John Schultz

Electrical Engineering and Computer Science, University of California, Berkeley

Education

University of California, Berkeley Expected May 2027
Bachelor of Science, Electrical Engineering and Computer Science · Berkeley, CA
  • GPA: 3.7. Coursework: CS 61B (Data Structures), CS 162 (Operating Systems), CS 170 (Algorithms), CS 61C (Computer Architecture), CS 189 (Machine Learning), EECS 151 (Digital Design and Integrated Circuits).
  • News and Data Reporter, Daily Californian. Member, Political Computer Science. Individual Contributor, Berkeley Tech & Justice Lab

Experience

Amazon May 2026 – August 2026
Software Development Engineer Intern, ML Infrastructure · Bellevue, WA
  • Built a Kubernetes/AWS resource layer for DeepTS, the production deep learning library that powers training and batch inference for billions of Amazon forecasting decisions, improving reliability and resource utilization of distributed compute.
  • Ideated and shipped an internal monitoring service for distributed training runs, giving scientists a single place to diagnose time-series training jobs over many services and runtimes.
  • Built telemetry quantifying cross-org use of DeepTS, used by leadership to inform business decisions.
Amazon May 2025 – August 2025
Software Development Engineer Intern · Bellevue, WA
  • Designed and trained an ML model (text embeddings, XGBoost, Census data) to predict customer adoption of Add To Delivery, an Amazon delivery feature.
  • Engineered a Spark-based data ingestion and feature engineering pipeline to create replicable data for model training.
  • Shipped a Java/React frontend to surface model predictions and counterfactuals for feature adoption, used to inform rollout strategy.
Office of Management and Budget (OMB) September 2024 – December 2024
Software Engineering / Data Intern · Washington, DC
  • Built automation features with Java and Python to validate data submission from 71 federal services across 38 agencies.
  • Prototyped NLP analysis of customer reviews for federal agencies, presenting topic-based sentiment analysis results to a large partner agency.

Research

UC Berkeley School of Information, Global Opportunity Lab February 2026 – May 2026
Student Researcher, Prof. Joshua Blumenstock · Berkeley, CA
  • Designed a featurization pipeline to predict eligible cash aid recipients in Togo from call detail records, raising model accuracy from the lab’s prior baseline.
Dan Garcia’s R&D Group January 2024 – May 2024
  • Worked on GradeView, an application to represent CS10’s unique mastery-based learning system to students.

Projects

Created a web application to map the recovery of AC Transit, the East Bay’s transit agency. The data is simplified from a 50GB response to a public records request I made. Includes origin-destination estimation and data imputation to cover missing data. Made with Next.js and Python. Used Google Cloud instances, storage buckets, and Cloud Run to process and serve data.

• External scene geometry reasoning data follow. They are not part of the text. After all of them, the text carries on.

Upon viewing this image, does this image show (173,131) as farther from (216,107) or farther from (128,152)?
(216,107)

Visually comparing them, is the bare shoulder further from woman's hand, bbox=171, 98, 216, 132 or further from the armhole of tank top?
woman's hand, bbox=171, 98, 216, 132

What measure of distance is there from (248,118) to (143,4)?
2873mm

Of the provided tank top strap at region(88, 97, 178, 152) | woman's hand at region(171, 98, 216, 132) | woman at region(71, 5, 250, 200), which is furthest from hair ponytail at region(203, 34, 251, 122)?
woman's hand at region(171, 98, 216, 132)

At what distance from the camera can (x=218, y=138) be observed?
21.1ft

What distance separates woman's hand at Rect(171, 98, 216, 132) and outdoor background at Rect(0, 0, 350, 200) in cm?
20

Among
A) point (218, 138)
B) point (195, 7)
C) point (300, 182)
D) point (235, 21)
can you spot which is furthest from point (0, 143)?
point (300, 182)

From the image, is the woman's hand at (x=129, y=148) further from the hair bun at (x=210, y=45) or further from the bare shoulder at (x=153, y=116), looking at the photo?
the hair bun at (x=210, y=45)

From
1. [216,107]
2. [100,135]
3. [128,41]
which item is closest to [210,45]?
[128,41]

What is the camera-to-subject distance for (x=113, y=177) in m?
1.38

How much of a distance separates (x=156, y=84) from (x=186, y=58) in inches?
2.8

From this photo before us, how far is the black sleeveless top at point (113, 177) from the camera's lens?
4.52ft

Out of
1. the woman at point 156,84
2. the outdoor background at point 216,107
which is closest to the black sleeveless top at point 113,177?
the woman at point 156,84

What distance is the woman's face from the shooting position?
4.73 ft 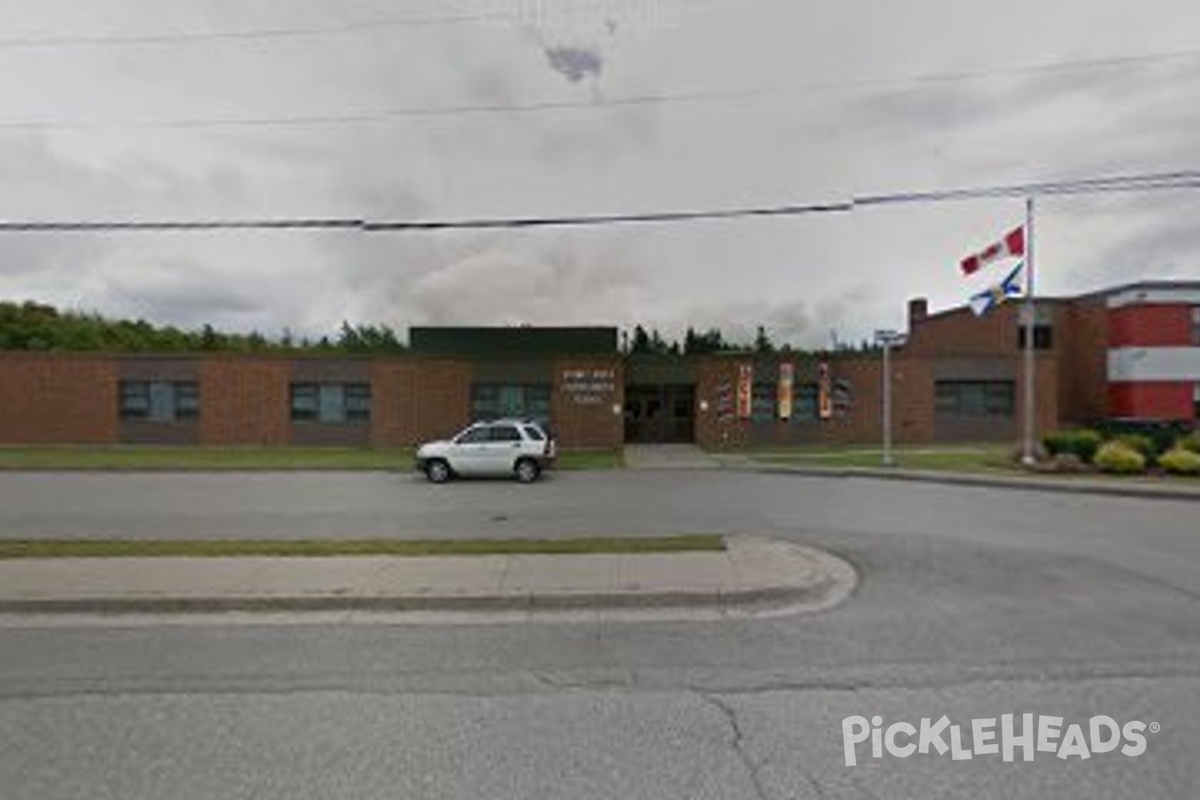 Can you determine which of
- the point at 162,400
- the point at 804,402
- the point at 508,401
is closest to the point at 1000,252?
the point at 804,402

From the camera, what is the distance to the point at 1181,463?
2103 cm

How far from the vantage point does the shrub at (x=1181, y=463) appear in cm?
2097

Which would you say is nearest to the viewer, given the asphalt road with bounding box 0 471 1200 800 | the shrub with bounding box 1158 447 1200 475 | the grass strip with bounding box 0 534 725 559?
the asphalt road with bounding box 0 471 1200 800

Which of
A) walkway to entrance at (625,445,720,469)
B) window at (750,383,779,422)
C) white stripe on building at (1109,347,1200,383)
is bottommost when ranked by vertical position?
walkway to entrance at (625,445,720,469)

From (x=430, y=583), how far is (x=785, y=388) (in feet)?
93.1

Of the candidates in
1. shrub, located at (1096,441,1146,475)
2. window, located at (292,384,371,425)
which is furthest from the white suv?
shrub, located at (1096,441,1146,475)

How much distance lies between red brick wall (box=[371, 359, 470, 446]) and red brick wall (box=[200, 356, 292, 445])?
3743mm

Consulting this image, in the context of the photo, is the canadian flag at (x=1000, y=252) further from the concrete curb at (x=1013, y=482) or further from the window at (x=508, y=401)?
the window at (x=508, y=401)

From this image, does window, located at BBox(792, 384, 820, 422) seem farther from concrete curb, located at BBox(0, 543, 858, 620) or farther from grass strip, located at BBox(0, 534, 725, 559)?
concrete curb, located at BBox(0, 543, 858, 620)

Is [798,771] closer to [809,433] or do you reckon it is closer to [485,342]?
[809,433]

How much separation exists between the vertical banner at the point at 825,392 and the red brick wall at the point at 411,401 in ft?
48.8

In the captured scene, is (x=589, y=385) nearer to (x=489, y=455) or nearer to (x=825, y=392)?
(x=825, y=392)

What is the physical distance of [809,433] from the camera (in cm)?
3497

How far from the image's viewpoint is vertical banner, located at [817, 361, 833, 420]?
35.0 m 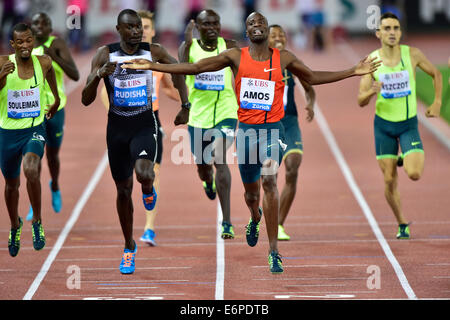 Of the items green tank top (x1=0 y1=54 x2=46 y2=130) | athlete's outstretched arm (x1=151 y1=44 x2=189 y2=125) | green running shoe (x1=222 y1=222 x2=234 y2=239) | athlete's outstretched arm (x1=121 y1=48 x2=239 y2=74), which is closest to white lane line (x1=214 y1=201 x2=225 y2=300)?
green running shoe (x1=222 y1=222 x2=234 y2=239)

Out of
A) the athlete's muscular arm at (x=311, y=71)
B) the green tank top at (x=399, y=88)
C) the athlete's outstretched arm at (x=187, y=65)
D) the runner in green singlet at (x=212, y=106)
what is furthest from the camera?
the green tank top at (x=399, y=88)

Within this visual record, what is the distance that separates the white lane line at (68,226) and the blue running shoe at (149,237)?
0.90 meters

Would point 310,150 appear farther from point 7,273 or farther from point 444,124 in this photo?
point 7,273

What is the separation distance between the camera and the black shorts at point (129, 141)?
933 centimetres

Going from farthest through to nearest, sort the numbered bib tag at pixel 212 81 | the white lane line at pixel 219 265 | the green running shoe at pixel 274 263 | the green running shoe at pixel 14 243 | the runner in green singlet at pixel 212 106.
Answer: the numbered bib tag at pixel 212 81, the runner in green singlet at pixel 212 106, the green running shoe at pixel 14 243, the green running shoe at pixel 274 263, the white lane line at pixel 219 265

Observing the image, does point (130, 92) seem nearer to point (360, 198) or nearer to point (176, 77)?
point (176, 77)

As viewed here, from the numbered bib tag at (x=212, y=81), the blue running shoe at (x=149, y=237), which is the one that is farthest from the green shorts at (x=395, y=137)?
the blue running shoe at (x=149, y=237)

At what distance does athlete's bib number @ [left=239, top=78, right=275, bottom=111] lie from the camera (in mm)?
9242

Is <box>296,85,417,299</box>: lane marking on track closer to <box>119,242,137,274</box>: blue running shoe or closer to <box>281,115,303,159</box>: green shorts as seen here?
<box>281,115,303,159</box>: green shorts

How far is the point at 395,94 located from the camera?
1119cm

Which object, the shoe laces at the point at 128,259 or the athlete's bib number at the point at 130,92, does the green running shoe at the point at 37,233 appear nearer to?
the shoe laces at the point at 128,259

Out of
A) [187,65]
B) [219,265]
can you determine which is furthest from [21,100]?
[219,265]

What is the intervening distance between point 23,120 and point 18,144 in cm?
23

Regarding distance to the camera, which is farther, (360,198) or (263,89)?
(360,198) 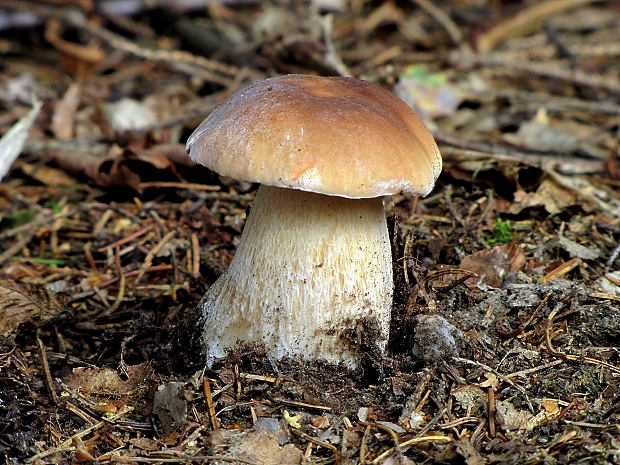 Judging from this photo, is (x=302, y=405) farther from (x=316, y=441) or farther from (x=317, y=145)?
(x=317, y=145)

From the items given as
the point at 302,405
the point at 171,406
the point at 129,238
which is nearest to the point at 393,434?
the point at 302,405

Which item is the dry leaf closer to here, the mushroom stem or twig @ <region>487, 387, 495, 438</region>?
the mushroom stem

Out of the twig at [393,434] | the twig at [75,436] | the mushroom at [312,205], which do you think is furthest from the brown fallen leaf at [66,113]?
the twig at [393,434]

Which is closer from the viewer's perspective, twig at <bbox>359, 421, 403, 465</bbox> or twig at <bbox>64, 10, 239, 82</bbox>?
twig at <bbox>359, 421, 403, 465</bbox>

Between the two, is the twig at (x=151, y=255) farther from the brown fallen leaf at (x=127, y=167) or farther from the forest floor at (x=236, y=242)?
the brown fallen leaf at (x=127, y=167)

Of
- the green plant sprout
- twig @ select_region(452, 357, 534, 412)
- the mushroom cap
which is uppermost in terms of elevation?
the mushroom cap

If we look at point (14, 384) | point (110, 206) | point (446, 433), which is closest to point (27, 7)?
point (110, 206)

PRA Machine Built for the Berkeley Tech and Justice Lab

The Berkeley Tech and Justice Lab creates tools to help law and justice advocates perform their jobs. Many stakeholders file public records requests, and need a way to organize requests and draft verbiage for letters sent to public agencies. PRA Machine is a web application that uses an LLM to draft request letters and implements an agentic inbox to track requests.

Built a React and Flask mobile app that finds empty rooms to study in at the UC Berkeley campus. Scrapes Berkeleytime, a third-party application with access to UC Berkeley class catalogs. Includes a SQLite database to track rooms taken not in the class catalog for all users.